Are Zcash, Monero et al. on collision course with KYC-AML laws?

Fibo Quantum

Cryptocurrencies, after a decade-long existence, seem to have cemented themselves in the world’s collective consciousness as a legitimate form of currency. While cryptos like Bitcoin have peddled a variety of narratives and perhaps works best as a store of value, many altcoins have emerged to lay claim to niche use cases. The emergence of privacy coins like Zcash and Monero is an example of such a trend.

On the latest episode of the Wolf of All Streets podcast, BullyESQ, Co-founder of Alpha Marketplace and Arrow Privacy Coin, highlighted how privacy coins have precipitated fundamental shifts in the crypto-industry, expanding on how their progress affects present-day AML regulations.

He pointed out that in the case of shielded transactions such as the ones enabled by zk-SNARKs, the form of zero-knowledge cryptography which Zcash is based on, there are quite a few challenges for users and exchanges when its comes to AML compliance and KYC-related regulations. He noted,

“I think exchanges were nervous about the shielded nature of the Z addresses because they didn’t want to inadvertently run afoul of these KYC rules…They were probably nervous about that. So I think it was a combination of the computationally intensive nature of the zk-SNARKs and then sort of enforcement issues related to exchange listings.”

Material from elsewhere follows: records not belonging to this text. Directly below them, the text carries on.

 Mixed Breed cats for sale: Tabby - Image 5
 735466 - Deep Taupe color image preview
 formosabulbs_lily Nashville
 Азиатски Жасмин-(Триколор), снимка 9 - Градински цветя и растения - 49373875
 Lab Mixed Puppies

BullyESQ also noted that while shielded transactions are frowned upon from a regulatory perspective as they add a level of anonymity that can enable fraudulent activity, a revolutionary implementation in Zcash as well as in Arrow is the ‘view key.’

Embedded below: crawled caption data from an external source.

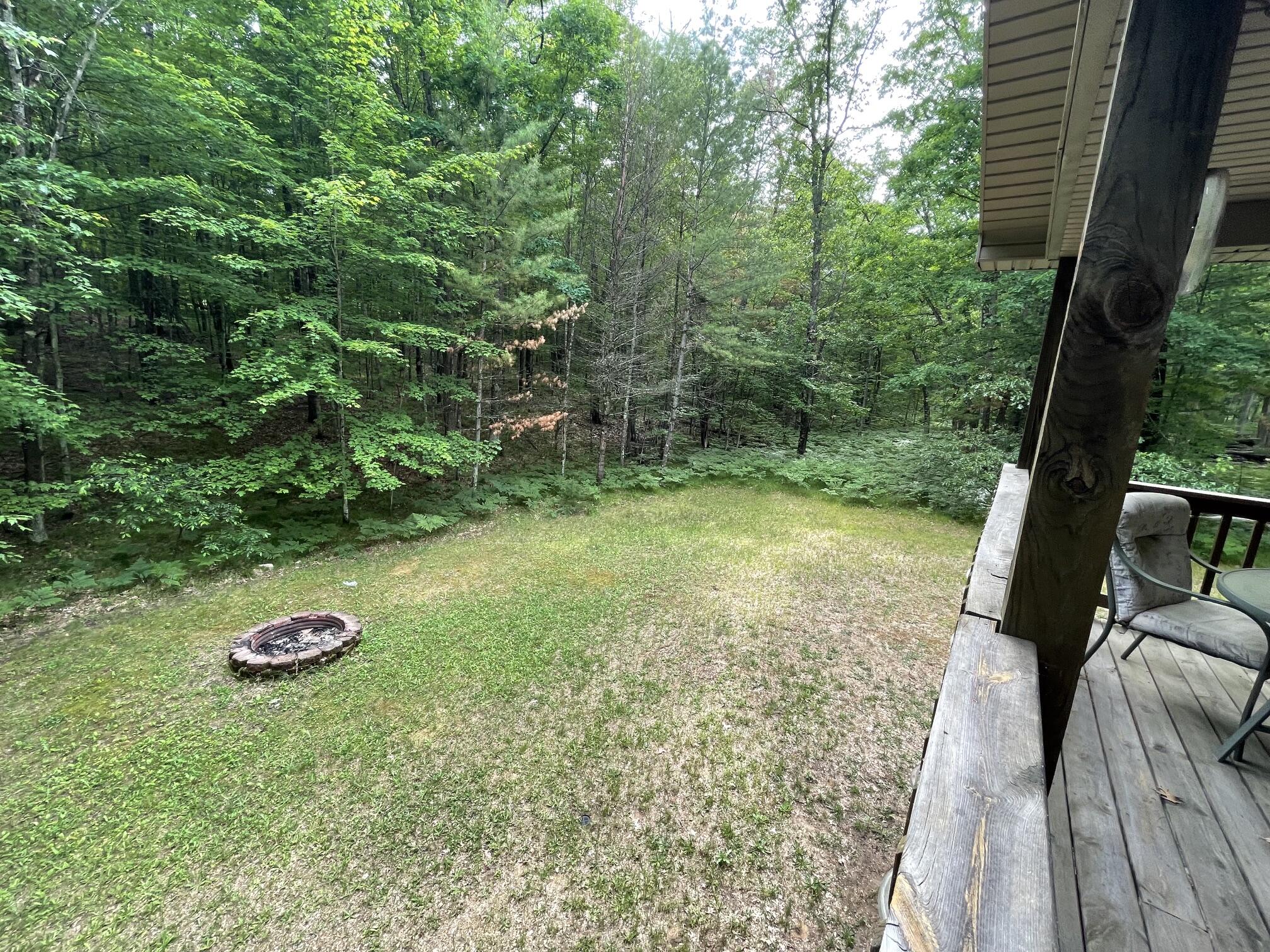 8725 West River Road Irons, MI 49644 - Photo 28 of 37 IMG_0885
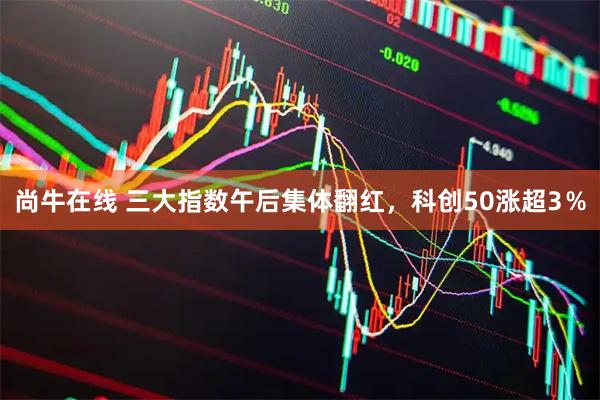 尚牛在线 三大指数午后集体翻红，科创50涨超3％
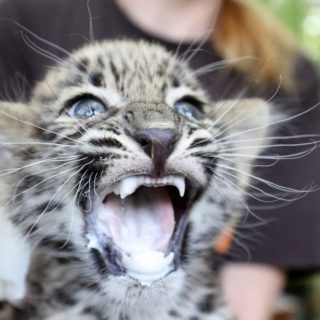 Η Behrooz, η έξι εβδομάδων λεοπάρδαλη του ζωολογικού κήπου Jaszbereny Jaszbereny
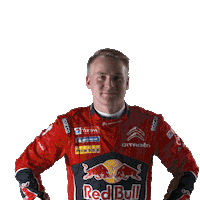 celebration yes Sticker by FIA World Rally Championship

“So if you’re in control of the wallet address of a particular wallet for Zcash, and for Arrow, you can view the transactional details related to even shielded transactions. So it’s almost like a master key to be able to view the transactional details.”

This implementation enables the shielded transaction to exist solely between the individual. He elaborated,

” So the idea is when an Arrow or a Zcash shielded transaction goes from the exchange to a private wallet, the exchange would put something in the memo field indicating where it went and where it was going. Just so if they needed to show the regulator where those transactions originated from that detail would be included in the memo field.

According to the Alpha Marketplace co-founder, these implementations ensure that even in the case of privacy-oriented cryptocurrencies, the value they bring is not at the cost of non-compliance to existing KYC-AML regulations.

Earlier in the year, crypto-analytics firm CipherTrace had named privacy coins as entities that present regulations are still not adequate enough to handle when it comes to crypto-enabled money laundering practices. The report had noted,

“Specifically, the money laundering risks of crypto-to-crypto exchanges, privacy coins, and anonymizing services are not well addressed by lawmakers attempting to regulate blockchain technology assets based on the physics of fiat currency.”

Interestingly, BullyESQ also highlighted that other privacy coins that do not have the aforementioned features related to shielded transactions may invite greater ‘regulatory pressure’ in the coming days.